Wisconsin insurance officials will soon consider a proposal to lower insurance rates for workers’ compensation in the state.
The Wisconsin Compensation Rating Bureau has proposed decreasing workers’ compensation insurance rates by more than 8.8%, continuing a three-year trend in falling premiums. The bureau recommends premium changes to the Wisconsin Office of the Commissioner of Insurance each year.
Upon the office’s approval, the new rates could go into effect Oct. 1, Wisconsin Public Radio reported.
Some employers point to a small decline in reported injuries and illnesses as a reason for the falling rates.
Wisconsin employers reported a total of 82,400 injuries and illnesses in 2017, roughly 300 less than 2016, according to estimates from the U.S. Bureau of Labor Statistics’ Survey of Occupational Injuries and Illnesses. But the state’s rate of workplace illness and injuries is still higher than the national rate, which totaled 3.1 cases per 100 full-time workers in 2017. Wisconsin saw a rate of 3.7 cases that year.
The findings come as Wisconsin sees its workforce grow older, while many baby boomers are reaching retirement age.
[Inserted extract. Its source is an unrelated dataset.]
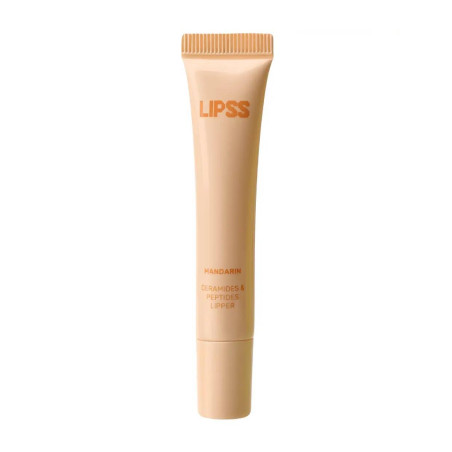 Блиск для губ LIPSS Mandarin Ceramides Peptides Lipper прозорий з ароматом мандарину 8ml — живить, зволожує, загоює, пептиди,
State health officials have estimated that the number of residents 65 and older will increase between 2010 and 2040 from 14% to 24%.
Health experts said older workforces are usually more cautious.
“Somebody who is 55, generally speaking, is simply safer on the job than someone who is 25,” said Chris Reader, director of health and human resources policy at Wisconsin Manufacturers & Commerce.
The Workers Compensation Research Institute also found that the cost of medical treatment for injured workers is higher in Wisconsin than many other states. But health providers argued that injured employees more quickly return to work in Wisconsin than other states because of the quality of care.